(Especial para sgosports.com.ar) Desde esa mirada, el entrenador argentino Mauricio Laburdette impulsa el Modelo Cognitivo Competitivo, una propuesta metodológica desarrollada desde experiencias nacidas en el duro fútbol del interior argentino y posteriormente aplicada en distintos contextos de Sudamérica y Centroamérica.
“El fútbol moderno no se define solamente por correr más o sumar kilómetros en los GPS. La diferencia aparece en quién logra interpretar y decidir mejor cuando el tiempo y el espacio desaparecen”, sostiene el entrenador.

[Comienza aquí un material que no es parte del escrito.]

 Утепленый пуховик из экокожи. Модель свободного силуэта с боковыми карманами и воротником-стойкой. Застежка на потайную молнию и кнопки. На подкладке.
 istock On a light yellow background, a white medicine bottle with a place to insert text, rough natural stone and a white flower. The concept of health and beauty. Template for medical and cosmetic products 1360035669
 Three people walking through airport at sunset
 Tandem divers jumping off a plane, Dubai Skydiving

El modelo coloca al jugador en el centro del proceso decisional. Cada acción exige interpretar constantemente el contexto del partido: cuándo acelerar, cuándo sostener la posesión, cuándo atacar espacios o cómo resolver en escenarios de presión y poco tiempo para los que tienen la pelota, pero para los que no la tienen también deben interpretar y decidir si presionar, achicar tiempo y espacio, bascular, replegar o armar un bloque para que no puedan jugar entre líneas.

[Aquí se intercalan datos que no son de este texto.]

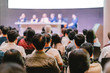 © THANANIT - Rear view of Audience in the conference hall or seminar meeting which have Speakers are Brainstorming and talking on the stage, business and education about investment concept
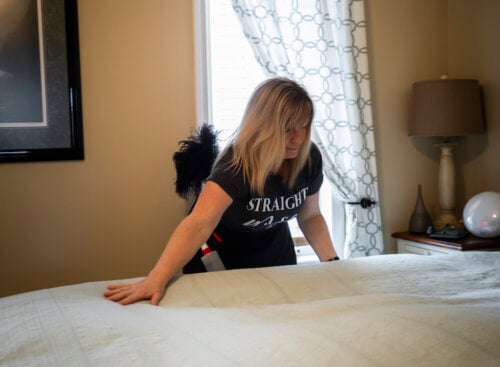 house cleaner making a bed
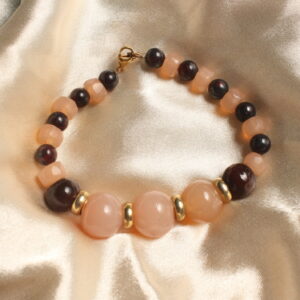 Ce bracelet est constitué de trois grosses perles centrales beiges en pierre. Entre chacune de ces perles se trouvent des intercalaires dorés. De chaque côté, deux perles moyennes en pierre marron viennent compléter l’ensemble. Le bracelet se poursuit ensuite avec une alternance de perles rondes en pierre marron et de perles beiges en pierre, aux formes aplaties. Le bracelet se ferme à l’aide d’un anneau et d’un fermoir doré.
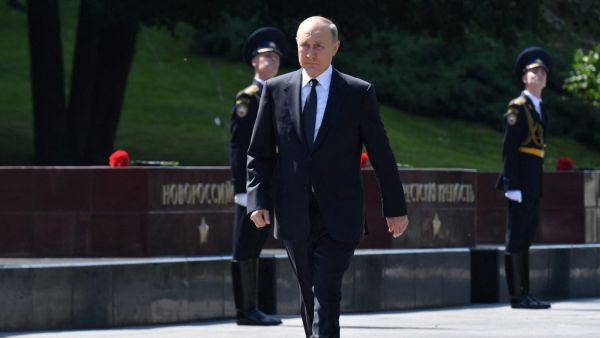 Russian President Vladimir Putin walks to attend the flower-laying ceremony at the Tomb of the Unknown Soldier to mark the 80th anniversary of the German invasion of the Soviet Union in WWII, in Alexander Garden in Moscow 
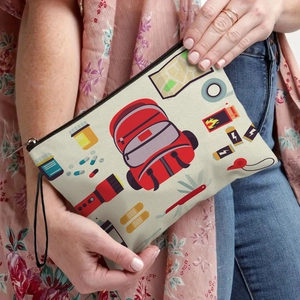 Cream canvas toiletry bag with colorful outdoor tools print and black zipper closure
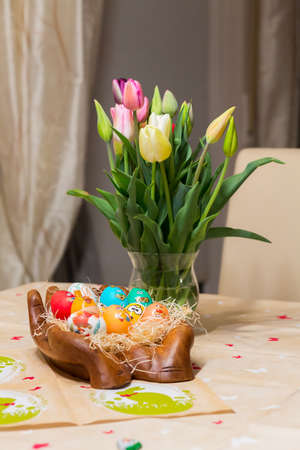 Easter holiday with colored eggs and flowers. colorful tulips near the painted Easter eggs of...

Lejos de los entrenamientos analíticos y fragmentados, la propuesta trabaja sobre tareas que reproducen situaciones reales de competencia:
- espacios reducidos
- presión constante
- duelos físicos
- escenarios de resolución rápida donde el jugador debe pensar mientras ejecuta.
Uno de los principios operativos centrales del modelo es el concepto de “Repetir sin Repetir”.La propuesta no busca automatizar respuestas ni reproducir movimientos de manera mecánica. El objetivo es exponer al futbolista a situaciones similares dentro de contextos siempre cambiantes, estimulando su capacidad de adaptación, interpretación y resolución bajo presión. A través de rondos, juegos reducidos, juegos de posición y tareas competitivas contextualizadas, el futbolista es estimulado continuamente a:
• percibir
• interpretar
• decidir
• ejecutar
“El objetivo no es repetir movimientos mecánicos ni automatismos, sino formar futbolistas capaces de pensar, interpretar y resolver cuando el partido se vuelve friccionado, aparecen los espacios reducidos y la necesidad de decidir rápido”, explica Laburdette.
Dentro de este enfoque, el entrenador también le otorga una importancia especial a:
• las segundas jugadas
• los duelos físicos
• las transiciones
• la concentración
• y las acciones a balón parado (ABP)
Entendiendo que muchas veces los partidos se terminan definiendo en detalles y capacidad de resolución bajo presión.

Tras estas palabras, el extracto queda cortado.